Task instructions » Your result should be every line of the records below that contains the word "Photo".

━━━━━ Information

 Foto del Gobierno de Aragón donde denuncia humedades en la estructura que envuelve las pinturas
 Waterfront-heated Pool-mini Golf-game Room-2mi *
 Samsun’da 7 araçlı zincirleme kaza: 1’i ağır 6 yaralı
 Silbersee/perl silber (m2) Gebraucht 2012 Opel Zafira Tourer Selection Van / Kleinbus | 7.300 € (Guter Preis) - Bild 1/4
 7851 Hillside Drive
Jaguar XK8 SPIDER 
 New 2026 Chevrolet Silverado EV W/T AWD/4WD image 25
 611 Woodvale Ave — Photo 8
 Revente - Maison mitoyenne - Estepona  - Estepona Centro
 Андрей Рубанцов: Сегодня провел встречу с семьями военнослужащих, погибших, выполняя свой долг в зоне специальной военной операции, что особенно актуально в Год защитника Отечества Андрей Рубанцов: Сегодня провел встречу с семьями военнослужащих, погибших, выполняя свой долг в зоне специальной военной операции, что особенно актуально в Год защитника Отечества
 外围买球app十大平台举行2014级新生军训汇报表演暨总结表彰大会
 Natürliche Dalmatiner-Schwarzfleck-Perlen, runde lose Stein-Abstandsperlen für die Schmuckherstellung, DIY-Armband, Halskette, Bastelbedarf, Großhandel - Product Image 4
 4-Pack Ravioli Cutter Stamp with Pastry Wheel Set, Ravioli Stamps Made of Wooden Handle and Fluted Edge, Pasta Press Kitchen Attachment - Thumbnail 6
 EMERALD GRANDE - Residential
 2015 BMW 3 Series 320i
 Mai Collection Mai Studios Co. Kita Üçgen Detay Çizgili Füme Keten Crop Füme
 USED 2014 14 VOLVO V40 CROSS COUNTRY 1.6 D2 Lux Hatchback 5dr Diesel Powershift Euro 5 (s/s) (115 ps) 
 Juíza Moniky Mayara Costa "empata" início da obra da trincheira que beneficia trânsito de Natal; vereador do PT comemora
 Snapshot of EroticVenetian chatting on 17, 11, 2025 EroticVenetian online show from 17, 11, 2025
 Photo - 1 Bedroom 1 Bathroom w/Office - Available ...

━━━━━━━━━━

Task answer »
 611 Woodvale Ave — Photo 8
 Photo - 1 Bedroom 1 Bathroom w/Office - Available ...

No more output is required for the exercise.